WORK REQUEST:
For each entry that follows, write out an identical copy.
----
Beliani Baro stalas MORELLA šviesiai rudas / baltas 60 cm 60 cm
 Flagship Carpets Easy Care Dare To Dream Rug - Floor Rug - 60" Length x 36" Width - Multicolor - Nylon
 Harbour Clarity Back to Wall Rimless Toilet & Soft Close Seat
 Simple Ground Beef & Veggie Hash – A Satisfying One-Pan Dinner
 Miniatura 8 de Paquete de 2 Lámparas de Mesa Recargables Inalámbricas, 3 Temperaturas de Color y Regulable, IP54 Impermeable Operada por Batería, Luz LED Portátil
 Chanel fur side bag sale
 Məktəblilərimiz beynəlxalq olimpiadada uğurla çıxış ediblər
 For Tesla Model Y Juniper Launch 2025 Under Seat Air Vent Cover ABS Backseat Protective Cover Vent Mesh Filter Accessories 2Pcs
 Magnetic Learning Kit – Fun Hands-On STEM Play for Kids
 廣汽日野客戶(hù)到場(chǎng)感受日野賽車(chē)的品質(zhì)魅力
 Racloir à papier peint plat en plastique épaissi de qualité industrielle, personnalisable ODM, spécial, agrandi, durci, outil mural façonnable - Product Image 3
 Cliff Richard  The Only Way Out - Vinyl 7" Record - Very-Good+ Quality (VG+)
----
ANSWER BOX:
Beliani Baro stalas MORELLA šviesiai rudas / baltas 60 cm 60 cm
 Flagship Carpets Easy Care Dare To Dream Rug - Floor Rug - 60" Length x 36" Width - Multicolor - Nylon
 Harbour Clarity Back to Wall Rimless Toilet & Soft Close Seat
 Simple Ground Beef & Veggie Hash – A Satisfying One-Pan Dinner
 Miniatura 8 de Paquete de 2 Lámparas de Mesa Recargables Inalámbricas, 3 Temperaturas de Color y Regulable, IP54 Impermeable Operada por Batería, Luz LED Portátil
 Chanel fur side bag sale
 Məktəblilərimiz beynəlxalq olimpiadada uğurla çıxış ediblər
 For Tesla Model Y Juniper Launch 2025 Under Seat Air Vent Cover ABS Backseat Protective Cover Vent Mesh Filter Accessories 2Pcs
 Magnetic Learning Kit – Fun Hands-On STEM Play for Kids
 廣汽日野客戶(hù)到場(chǎng)感受日野賽車(chē)的品質(zhì)魅力
 Racloir à papier peint plat en plastique épaissi de qualité industrielle, personnalisable ODM, spécial, agrandi, durci, outil mural façonnable - Product Image 3
 Cliff Richard  The Only Way Out - Vinyl 7" Record - Very-Good+ Quality (VG+)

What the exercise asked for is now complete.